_Work instruction:_ Beginning with the line that contains "A small kitchen" and ending with the line that contains "Entertain in style", reproduce the lines of the entries below exactly, omitting pictures.

### Input for this task ###

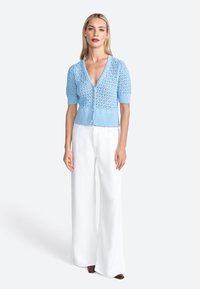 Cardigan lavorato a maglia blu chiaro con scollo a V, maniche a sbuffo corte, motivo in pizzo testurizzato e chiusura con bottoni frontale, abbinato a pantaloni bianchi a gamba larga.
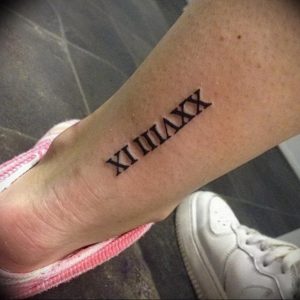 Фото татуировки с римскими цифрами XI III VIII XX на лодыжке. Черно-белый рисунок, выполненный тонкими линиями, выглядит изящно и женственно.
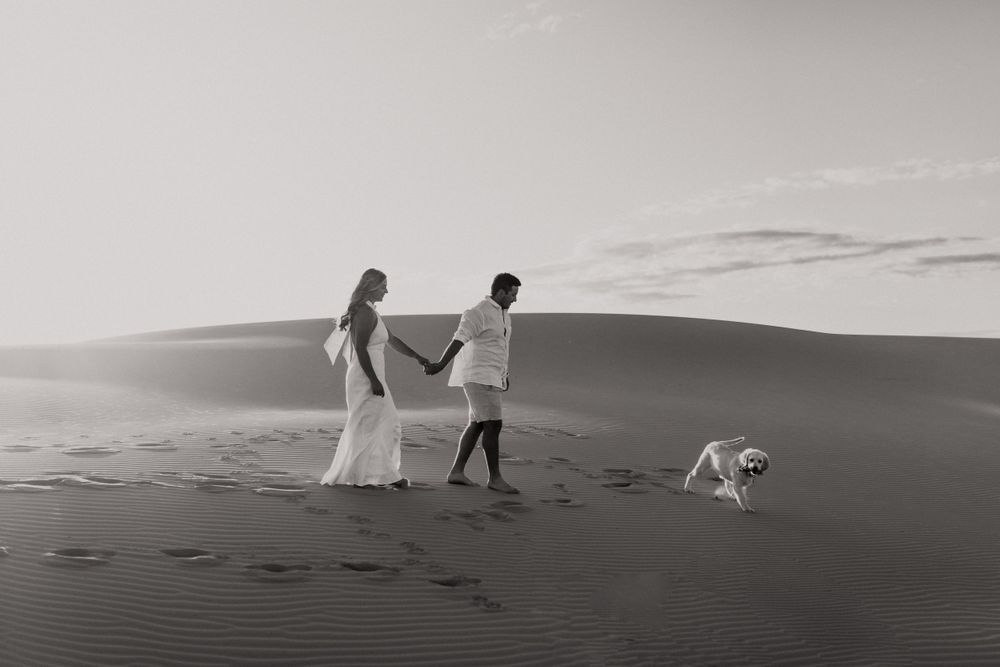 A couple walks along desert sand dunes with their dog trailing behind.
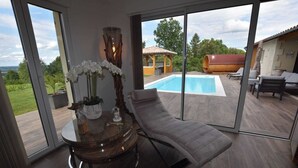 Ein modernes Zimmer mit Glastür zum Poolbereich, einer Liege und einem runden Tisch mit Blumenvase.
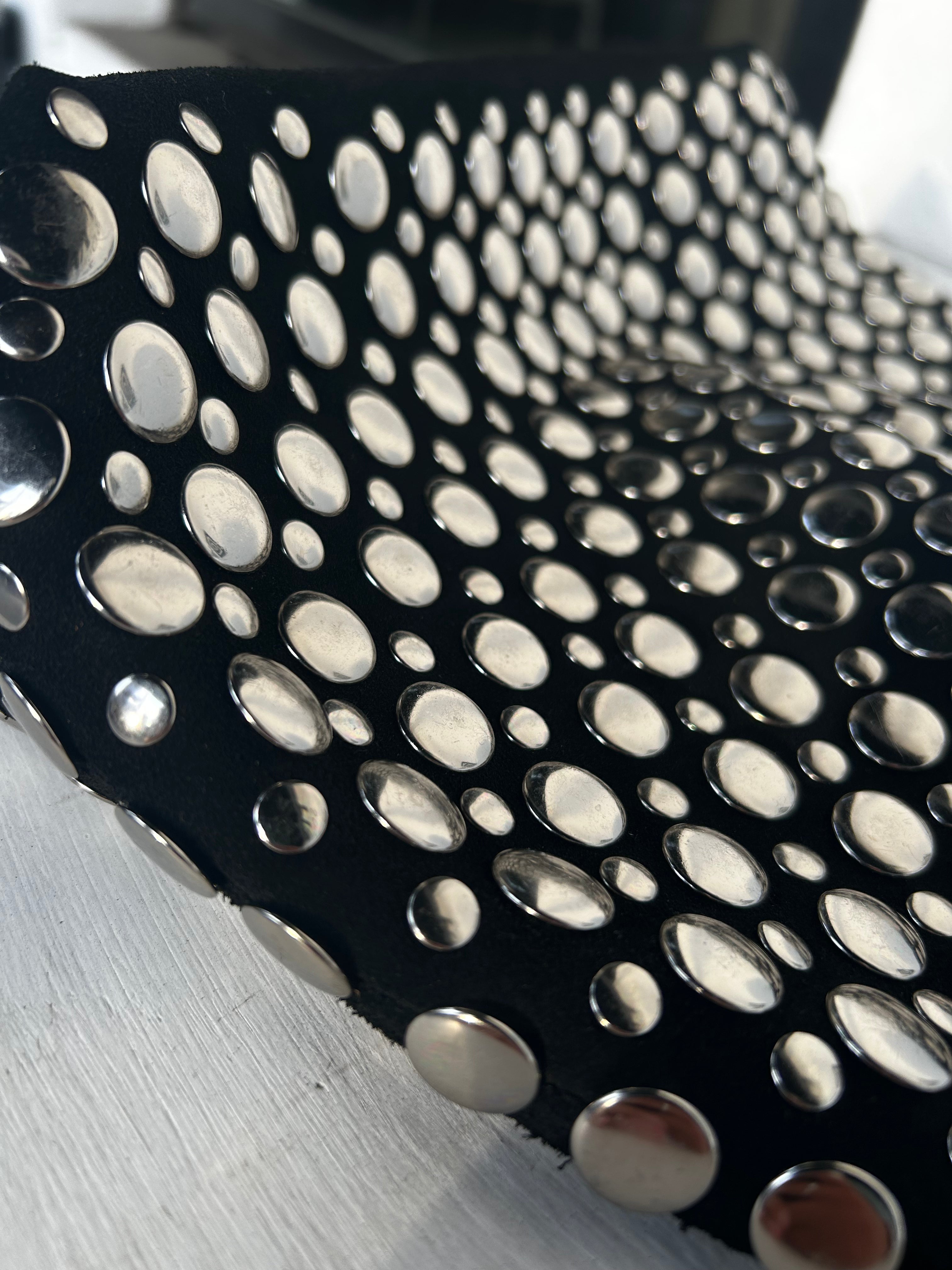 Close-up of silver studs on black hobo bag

###
### Input for this task ###

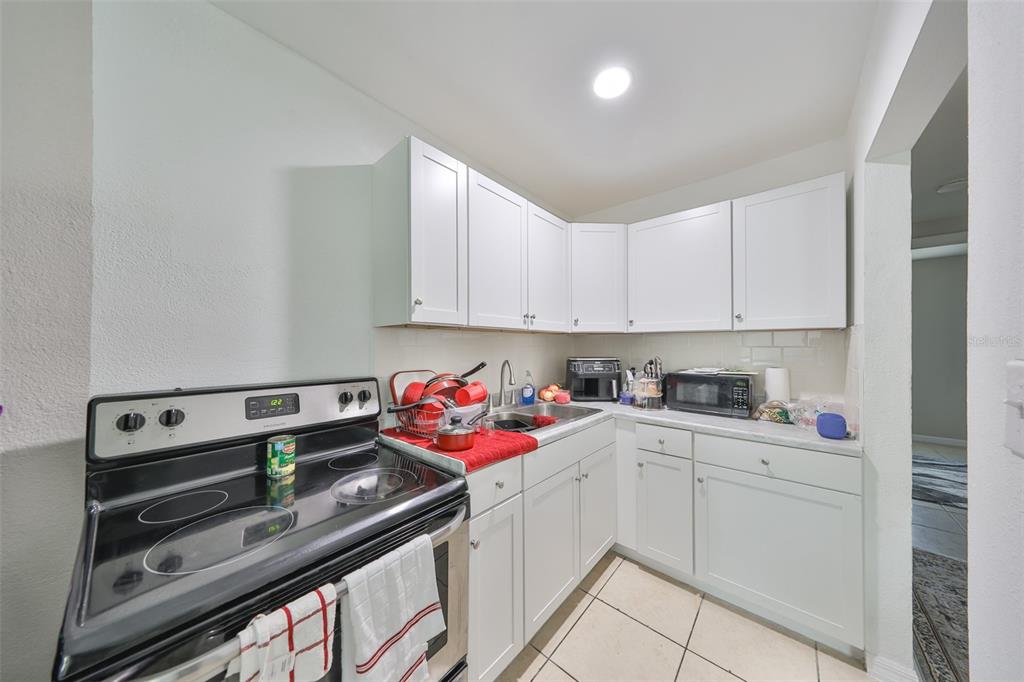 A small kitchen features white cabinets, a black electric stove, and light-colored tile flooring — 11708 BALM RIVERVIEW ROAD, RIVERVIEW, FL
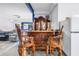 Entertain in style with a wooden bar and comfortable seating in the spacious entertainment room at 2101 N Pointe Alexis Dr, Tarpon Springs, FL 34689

###

_Response area:_
 A small kitchen features white cabinets, a black electric stove, and light-colored tile flooring — 11708 BALM RIVERVIEW ROAD, RIVERVIEW, FL
 Entertain in style with a wooden bar and comfortable seating in the spacious entertainment room at 2101 N Pointe Alexis Dr, Tarpon Springs, FL 34689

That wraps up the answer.